Supplied records section start
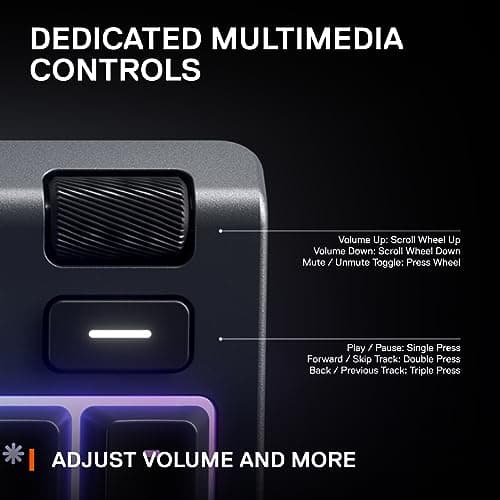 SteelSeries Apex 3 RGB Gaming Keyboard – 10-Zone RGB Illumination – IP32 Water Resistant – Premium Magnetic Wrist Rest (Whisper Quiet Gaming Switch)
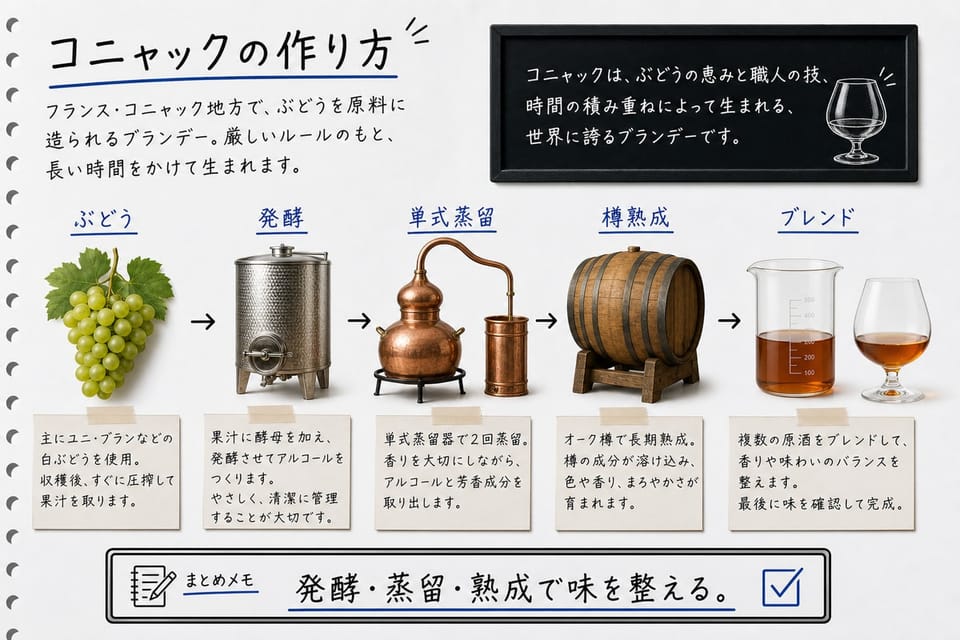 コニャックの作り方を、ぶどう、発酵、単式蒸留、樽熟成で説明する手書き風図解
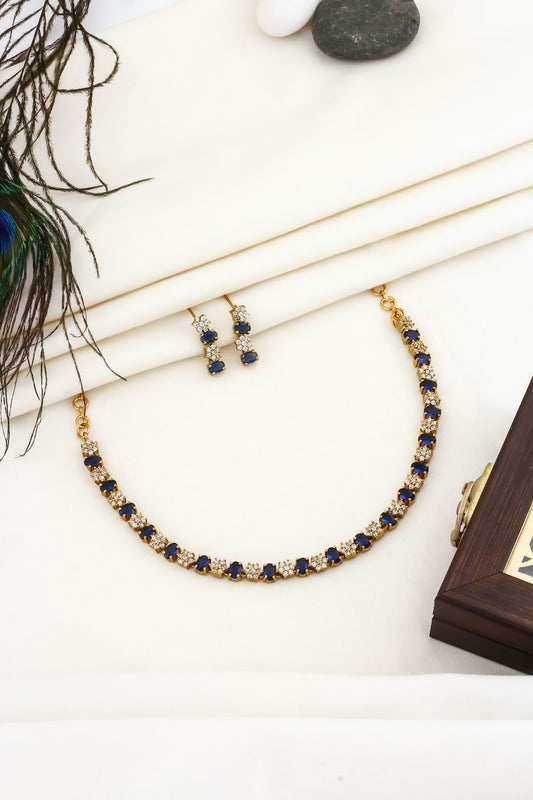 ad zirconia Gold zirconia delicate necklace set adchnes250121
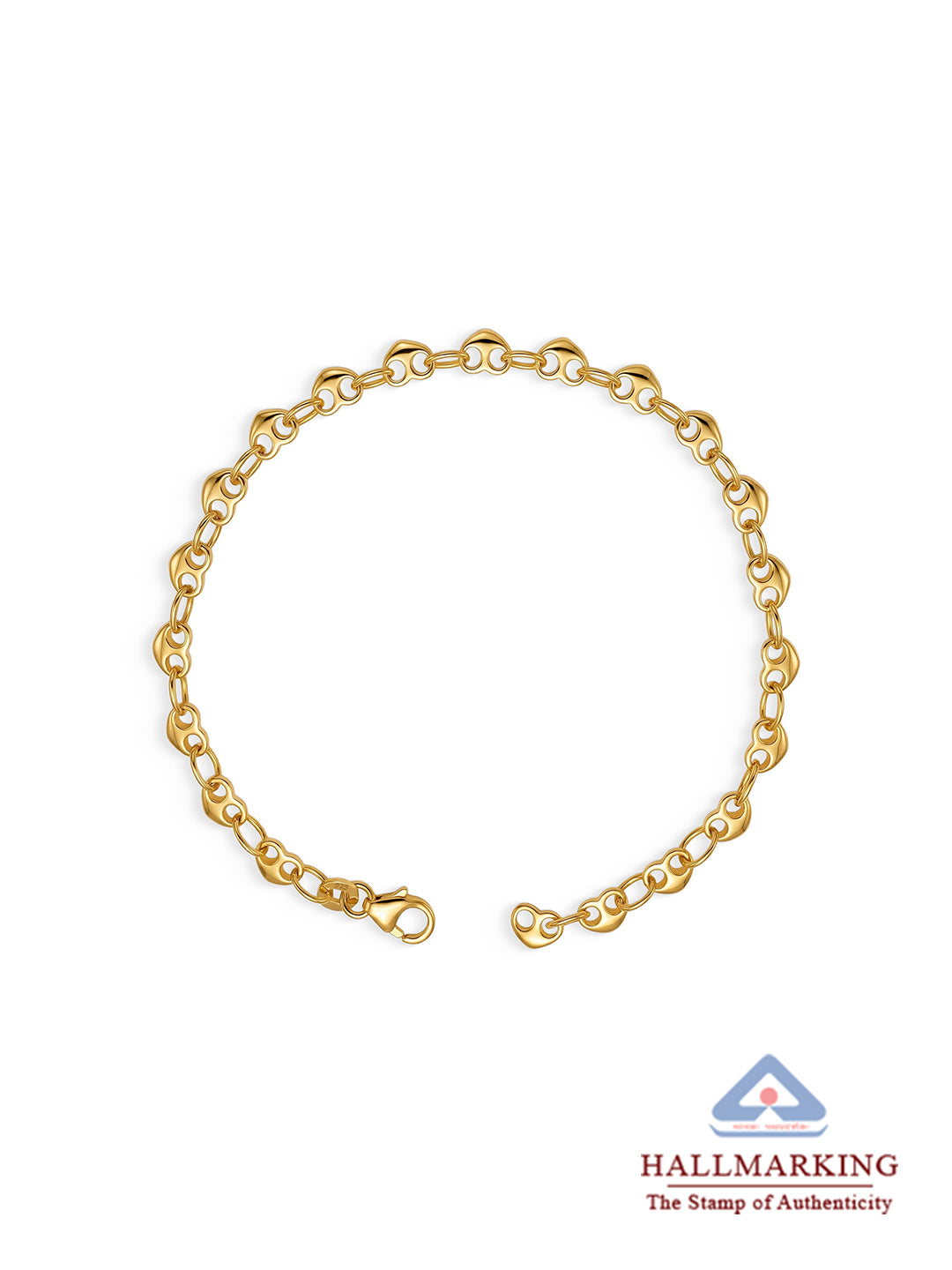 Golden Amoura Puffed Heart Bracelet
Supplied records section end
Supplied records section start
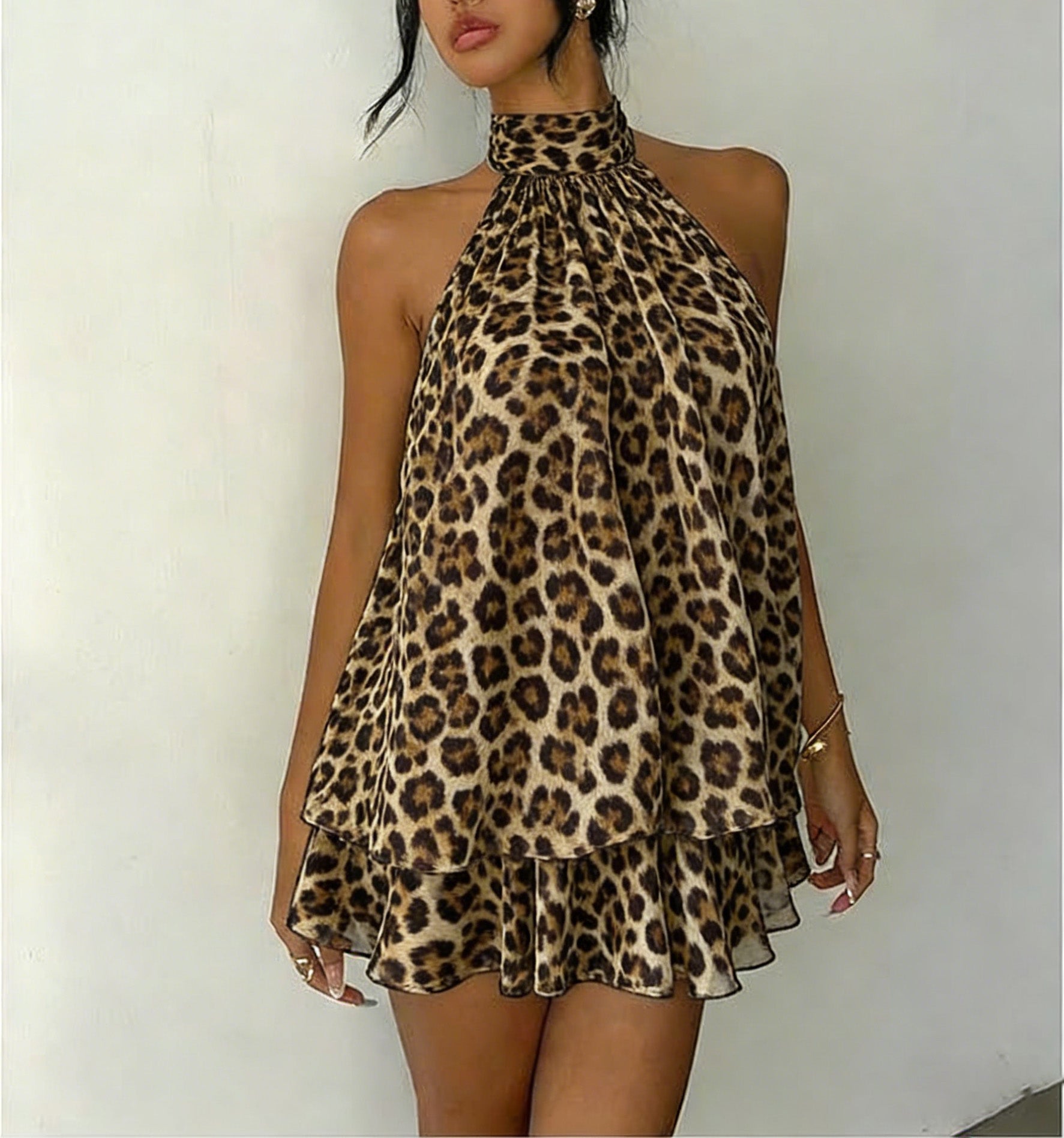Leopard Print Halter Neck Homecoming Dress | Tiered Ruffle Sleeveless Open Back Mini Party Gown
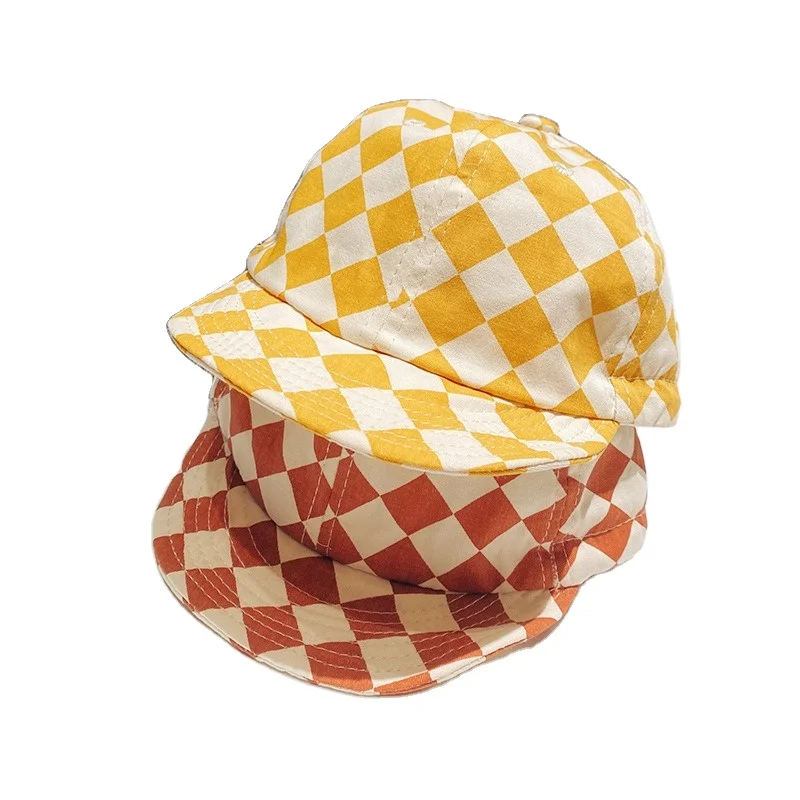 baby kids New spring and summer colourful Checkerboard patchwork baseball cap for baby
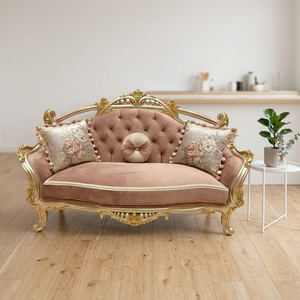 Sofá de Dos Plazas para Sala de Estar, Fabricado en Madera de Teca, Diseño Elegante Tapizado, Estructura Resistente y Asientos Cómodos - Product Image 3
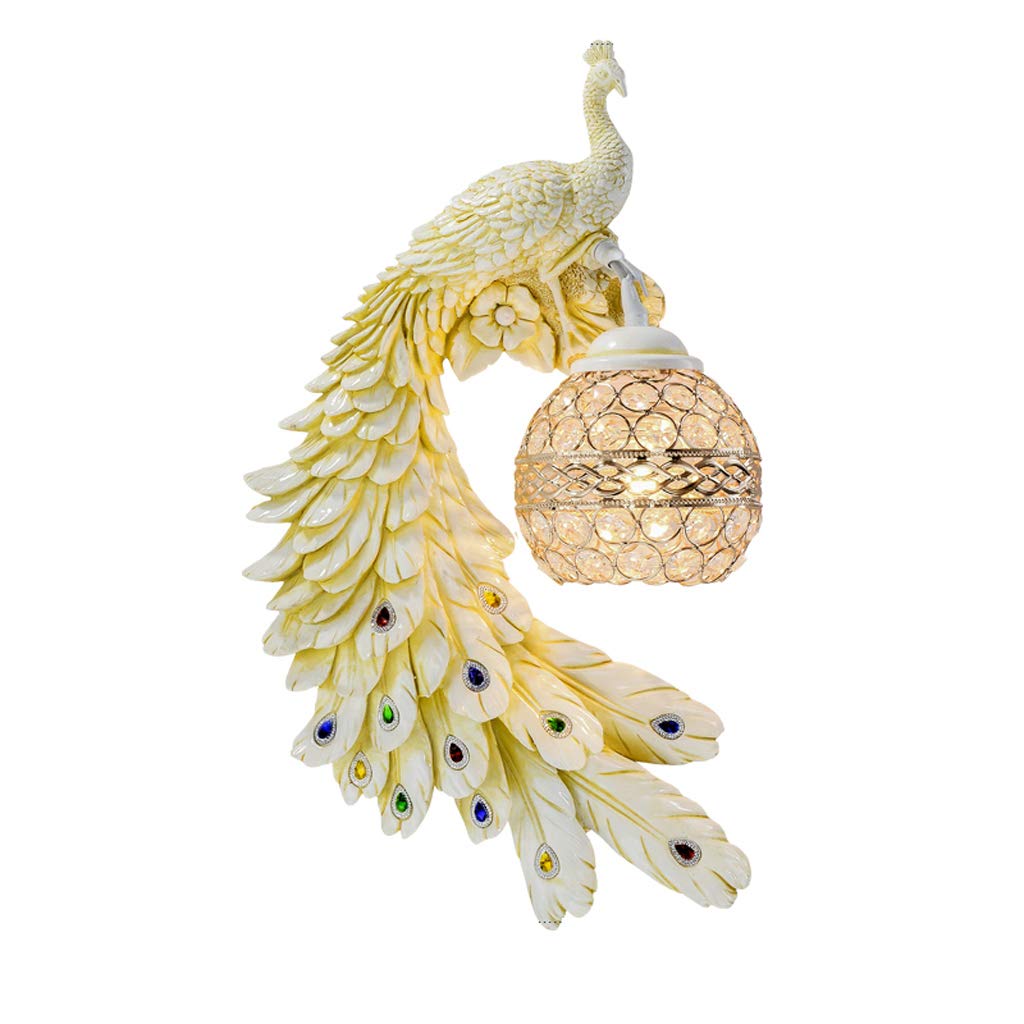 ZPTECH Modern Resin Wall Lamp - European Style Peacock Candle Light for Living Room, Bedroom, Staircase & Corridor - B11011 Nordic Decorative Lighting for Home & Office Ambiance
Supplied records section end
Excerpt from the records above: set down only the lines from the one that contains "SteelSeries Apex 3" through the one that contains "Golden Amoura Puffed Heart Bracelet", inclusive, word for word. Pictures stay out.

[Solved problem]
 SteelSeries Apex 3 RGB Gaming Keyboard – 10-Zone RGB Illumination – IP32 Water Resistant – Premium Magnetic Wrist Rest (Whisper Quiet Gaming Switch)
 コニャックの作り方を、ぶどう、発酵、単式蒸留、樽熟成で説明する手書き風図解
 ad zirconia Gold zirconia delicate necklace set adchnes250121
 Golden Amoura Puffed Heart Bracelet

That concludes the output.